**Task to carry out:**
The answer must consist of every line in the data below that holds the word "NetworkAutomation".

*** Data shown Section Begins ***

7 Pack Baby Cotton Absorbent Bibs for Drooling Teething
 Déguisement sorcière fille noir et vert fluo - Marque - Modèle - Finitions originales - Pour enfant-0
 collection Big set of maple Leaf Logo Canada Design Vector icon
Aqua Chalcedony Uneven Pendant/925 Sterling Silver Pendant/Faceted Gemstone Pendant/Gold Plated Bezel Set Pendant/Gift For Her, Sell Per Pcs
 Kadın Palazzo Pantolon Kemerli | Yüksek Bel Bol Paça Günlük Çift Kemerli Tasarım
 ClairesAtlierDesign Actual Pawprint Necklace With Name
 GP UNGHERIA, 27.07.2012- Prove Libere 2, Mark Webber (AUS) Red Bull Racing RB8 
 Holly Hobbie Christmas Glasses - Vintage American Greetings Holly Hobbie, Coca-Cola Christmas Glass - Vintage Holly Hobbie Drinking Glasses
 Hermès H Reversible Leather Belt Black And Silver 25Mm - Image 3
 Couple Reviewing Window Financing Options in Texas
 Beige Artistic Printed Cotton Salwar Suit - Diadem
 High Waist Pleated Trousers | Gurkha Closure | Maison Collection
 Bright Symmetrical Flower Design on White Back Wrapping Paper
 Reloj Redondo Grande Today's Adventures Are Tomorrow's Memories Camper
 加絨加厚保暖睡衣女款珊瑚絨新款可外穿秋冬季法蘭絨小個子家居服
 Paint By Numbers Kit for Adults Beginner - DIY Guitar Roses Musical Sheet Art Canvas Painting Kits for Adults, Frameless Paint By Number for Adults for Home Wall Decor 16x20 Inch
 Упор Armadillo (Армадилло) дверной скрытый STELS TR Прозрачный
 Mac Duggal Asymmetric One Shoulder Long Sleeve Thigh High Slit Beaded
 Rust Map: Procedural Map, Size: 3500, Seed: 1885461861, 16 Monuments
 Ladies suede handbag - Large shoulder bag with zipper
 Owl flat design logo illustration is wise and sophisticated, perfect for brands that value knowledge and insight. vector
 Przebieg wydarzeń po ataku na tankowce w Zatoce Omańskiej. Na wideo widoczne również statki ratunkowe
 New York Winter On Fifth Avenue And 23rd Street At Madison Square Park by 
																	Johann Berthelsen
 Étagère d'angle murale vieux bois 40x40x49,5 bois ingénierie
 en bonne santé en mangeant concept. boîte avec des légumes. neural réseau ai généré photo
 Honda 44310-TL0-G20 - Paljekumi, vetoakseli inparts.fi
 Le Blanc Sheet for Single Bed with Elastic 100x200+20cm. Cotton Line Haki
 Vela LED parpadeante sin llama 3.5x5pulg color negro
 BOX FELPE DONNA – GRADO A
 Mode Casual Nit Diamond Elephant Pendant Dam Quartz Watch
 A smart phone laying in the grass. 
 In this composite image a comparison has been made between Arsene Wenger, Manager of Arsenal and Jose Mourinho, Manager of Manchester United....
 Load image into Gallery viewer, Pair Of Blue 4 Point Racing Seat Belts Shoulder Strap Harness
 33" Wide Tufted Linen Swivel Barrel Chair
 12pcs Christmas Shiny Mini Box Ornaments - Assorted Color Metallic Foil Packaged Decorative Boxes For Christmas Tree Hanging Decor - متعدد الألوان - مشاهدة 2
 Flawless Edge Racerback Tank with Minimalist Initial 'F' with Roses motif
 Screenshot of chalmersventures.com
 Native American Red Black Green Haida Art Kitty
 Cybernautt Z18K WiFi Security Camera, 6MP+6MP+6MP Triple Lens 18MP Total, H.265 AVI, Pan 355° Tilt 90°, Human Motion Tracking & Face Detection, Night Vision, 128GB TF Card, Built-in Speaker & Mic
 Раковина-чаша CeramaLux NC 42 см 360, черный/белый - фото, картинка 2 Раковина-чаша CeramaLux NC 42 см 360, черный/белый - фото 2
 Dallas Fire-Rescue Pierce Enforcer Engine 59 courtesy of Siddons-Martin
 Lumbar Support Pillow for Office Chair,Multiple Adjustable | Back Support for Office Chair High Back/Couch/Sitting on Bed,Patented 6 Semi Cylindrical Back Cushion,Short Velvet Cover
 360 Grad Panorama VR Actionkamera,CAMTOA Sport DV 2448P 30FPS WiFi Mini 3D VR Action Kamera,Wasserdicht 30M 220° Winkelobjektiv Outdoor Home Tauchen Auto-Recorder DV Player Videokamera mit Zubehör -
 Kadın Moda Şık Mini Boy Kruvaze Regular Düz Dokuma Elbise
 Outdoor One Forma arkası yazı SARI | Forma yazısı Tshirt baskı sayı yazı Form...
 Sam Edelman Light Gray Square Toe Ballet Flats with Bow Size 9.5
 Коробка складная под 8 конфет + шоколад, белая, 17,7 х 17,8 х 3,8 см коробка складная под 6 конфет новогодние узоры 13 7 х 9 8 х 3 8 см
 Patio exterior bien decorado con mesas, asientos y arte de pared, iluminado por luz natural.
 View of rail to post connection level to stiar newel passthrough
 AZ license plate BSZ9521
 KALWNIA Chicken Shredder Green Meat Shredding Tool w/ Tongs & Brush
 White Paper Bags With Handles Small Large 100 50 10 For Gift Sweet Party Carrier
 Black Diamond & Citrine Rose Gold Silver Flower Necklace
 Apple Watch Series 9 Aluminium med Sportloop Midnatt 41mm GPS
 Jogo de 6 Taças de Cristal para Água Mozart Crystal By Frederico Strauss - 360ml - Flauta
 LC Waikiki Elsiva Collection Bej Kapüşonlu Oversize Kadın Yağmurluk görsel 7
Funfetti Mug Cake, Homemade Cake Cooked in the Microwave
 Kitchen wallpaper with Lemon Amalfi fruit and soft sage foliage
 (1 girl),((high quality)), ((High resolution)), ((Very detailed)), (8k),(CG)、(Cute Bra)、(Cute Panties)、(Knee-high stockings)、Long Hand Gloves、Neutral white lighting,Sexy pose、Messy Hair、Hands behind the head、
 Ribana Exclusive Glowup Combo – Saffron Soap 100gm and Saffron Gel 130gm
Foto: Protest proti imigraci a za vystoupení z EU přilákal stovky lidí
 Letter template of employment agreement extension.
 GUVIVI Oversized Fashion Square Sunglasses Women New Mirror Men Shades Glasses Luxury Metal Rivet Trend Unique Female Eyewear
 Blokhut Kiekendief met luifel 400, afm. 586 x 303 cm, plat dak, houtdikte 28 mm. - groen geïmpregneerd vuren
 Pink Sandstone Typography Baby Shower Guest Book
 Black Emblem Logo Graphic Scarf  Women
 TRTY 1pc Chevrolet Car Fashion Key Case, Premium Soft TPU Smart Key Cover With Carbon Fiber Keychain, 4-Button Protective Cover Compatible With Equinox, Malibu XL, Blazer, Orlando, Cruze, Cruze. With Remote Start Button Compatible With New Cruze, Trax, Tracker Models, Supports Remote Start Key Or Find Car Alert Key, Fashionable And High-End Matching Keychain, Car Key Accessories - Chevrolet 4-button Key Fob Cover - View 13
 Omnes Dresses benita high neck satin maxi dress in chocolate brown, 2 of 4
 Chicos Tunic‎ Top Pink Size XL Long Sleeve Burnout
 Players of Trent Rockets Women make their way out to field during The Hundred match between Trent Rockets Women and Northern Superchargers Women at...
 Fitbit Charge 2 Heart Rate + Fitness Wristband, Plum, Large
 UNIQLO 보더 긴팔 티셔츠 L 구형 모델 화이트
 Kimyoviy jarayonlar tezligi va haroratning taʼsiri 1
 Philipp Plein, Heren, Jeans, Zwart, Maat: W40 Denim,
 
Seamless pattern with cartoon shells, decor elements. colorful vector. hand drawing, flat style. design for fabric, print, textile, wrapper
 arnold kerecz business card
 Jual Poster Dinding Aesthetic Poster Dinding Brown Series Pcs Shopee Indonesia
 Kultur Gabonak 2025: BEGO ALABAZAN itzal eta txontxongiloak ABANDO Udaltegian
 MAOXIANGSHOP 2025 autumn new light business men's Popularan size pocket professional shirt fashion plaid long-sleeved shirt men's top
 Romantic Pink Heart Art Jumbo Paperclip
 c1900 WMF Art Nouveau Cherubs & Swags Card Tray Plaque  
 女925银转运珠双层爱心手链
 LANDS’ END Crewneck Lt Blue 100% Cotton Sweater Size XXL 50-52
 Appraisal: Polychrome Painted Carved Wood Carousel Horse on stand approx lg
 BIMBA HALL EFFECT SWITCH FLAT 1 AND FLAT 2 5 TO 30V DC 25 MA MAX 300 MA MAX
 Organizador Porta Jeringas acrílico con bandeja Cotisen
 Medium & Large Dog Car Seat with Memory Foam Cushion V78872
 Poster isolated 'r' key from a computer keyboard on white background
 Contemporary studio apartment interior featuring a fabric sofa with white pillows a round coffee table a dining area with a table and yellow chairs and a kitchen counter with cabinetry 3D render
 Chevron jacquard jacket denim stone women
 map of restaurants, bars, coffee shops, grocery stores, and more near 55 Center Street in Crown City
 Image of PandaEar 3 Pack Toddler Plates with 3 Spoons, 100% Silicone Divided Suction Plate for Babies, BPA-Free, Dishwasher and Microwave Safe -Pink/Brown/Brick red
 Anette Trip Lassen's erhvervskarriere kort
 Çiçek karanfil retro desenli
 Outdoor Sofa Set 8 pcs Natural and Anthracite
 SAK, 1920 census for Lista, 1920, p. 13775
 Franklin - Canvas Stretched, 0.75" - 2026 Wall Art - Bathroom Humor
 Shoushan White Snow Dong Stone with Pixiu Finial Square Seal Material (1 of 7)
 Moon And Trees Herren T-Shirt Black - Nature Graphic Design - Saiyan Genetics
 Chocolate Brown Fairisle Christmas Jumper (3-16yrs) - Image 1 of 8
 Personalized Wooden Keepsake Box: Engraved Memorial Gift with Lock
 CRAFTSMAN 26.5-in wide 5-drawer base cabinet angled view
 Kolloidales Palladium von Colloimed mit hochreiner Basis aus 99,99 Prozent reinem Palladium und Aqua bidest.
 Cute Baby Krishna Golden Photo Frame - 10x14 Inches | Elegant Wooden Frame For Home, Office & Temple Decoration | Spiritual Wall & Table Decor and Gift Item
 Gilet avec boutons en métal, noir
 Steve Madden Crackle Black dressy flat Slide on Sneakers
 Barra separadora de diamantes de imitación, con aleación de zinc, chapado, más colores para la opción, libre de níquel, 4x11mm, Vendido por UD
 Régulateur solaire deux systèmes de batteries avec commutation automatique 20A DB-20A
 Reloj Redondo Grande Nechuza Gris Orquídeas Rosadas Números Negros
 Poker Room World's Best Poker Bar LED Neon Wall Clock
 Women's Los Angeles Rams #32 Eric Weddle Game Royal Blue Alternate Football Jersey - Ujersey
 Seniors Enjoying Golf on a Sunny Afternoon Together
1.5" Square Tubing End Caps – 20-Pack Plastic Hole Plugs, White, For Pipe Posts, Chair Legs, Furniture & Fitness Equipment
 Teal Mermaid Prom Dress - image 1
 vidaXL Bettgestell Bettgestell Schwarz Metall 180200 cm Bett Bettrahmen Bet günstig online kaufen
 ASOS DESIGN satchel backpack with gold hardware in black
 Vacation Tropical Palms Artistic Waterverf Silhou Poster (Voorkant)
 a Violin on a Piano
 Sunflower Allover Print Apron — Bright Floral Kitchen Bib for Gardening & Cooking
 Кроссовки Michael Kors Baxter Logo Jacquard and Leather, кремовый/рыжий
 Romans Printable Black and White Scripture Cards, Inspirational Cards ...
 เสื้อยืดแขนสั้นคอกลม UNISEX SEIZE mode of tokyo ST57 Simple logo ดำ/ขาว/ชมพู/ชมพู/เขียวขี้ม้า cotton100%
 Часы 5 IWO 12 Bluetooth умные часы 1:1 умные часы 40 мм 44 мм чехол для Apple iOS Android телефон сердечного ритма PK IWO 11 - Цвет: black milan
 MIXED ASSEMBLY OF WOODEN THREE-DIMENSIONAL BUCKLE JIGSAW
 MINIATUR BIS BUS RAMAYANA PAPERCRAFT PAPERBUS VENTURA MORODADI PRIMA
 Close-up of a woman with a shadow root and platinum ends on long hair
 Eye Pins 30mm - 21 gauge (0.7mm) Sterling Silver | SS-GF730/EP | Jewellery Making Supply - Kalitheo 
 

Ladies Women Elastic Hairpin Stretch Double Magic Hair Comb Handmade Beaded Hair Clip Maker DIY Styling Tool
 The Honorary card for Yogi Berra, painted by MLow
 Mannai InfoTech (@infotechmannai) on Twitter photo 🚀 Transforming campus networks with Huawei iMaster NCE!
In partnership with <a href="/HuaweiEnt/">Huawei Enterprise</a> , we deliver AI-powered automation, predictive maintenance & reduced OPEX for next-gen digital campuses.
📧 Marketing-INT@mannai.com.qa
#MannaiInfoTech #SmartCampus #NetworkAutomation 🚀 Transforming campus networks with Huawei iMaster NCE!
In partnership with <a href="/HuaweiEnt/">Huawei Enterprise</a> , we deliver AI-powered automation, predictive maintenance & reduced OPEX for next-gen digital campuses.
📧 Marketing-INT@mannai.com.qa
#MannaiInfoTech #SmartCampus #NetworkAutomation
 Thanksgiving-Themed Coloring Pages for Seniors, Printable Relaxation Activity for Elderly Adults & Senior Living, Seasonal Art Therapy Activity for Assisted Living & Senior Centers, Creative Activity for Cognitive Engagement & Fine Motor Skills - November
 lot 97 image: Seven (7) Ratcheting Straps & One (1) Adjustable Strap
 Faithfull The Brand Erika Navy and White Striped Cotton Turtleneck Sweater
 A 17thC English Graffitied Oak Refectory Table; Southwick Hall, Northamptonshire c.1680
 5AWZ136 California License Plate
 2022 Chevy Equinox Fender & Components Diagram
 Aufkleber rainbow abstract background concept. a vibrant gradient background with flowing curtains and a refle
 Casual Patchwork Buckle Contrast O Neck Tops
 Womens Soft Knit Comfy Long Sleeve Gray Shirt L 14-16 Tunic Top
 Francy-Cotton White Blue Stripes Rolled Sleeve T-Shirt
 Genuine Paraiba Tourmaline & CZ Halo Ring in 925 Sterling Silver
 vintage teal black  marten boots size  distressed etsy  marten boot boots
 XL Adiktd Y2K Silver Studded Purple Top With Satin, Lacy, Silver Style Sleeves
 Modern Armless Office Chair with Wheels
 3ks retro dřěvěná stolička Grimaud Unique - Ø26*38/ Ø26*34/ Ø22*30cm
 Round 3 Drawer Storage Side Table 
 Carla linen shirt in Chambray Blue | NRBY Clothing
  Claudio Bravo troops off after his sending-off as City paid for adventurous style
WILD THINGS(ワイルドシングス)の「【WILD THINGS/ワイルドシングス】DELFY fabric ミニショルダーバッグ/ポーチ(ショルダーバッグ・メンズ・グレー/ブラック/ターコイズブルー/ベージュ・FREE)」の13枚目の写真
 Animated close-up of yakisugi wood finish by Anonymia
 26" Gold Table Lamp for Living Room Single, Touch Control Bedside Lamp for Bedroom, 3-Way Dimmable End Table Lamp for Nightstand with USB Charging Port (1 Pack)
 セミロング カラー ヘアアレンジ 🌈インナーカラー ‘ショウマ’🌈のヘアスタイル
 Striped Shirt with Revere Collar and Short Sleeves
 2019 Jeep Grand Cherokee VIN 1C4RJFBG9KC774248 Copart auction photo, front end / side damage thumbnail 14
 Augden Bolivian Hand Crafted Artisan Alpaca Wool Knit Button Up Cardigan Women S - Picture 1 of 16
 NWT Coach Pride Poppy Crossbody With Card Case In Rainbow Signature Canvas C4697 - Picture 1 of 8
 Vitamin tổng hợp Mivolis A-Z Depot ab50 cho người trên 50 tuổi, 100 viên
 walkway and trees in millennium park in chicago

*** Data shown Section Ends ***

**Answer to the problem:**
#MannaiInfoTech #SmartCampus #NetworkAutomation 🚀 Transforming campus networks with Huawei iMaster NCE!
#MannaiInfoTech #SmartCampus #NetworkAutomation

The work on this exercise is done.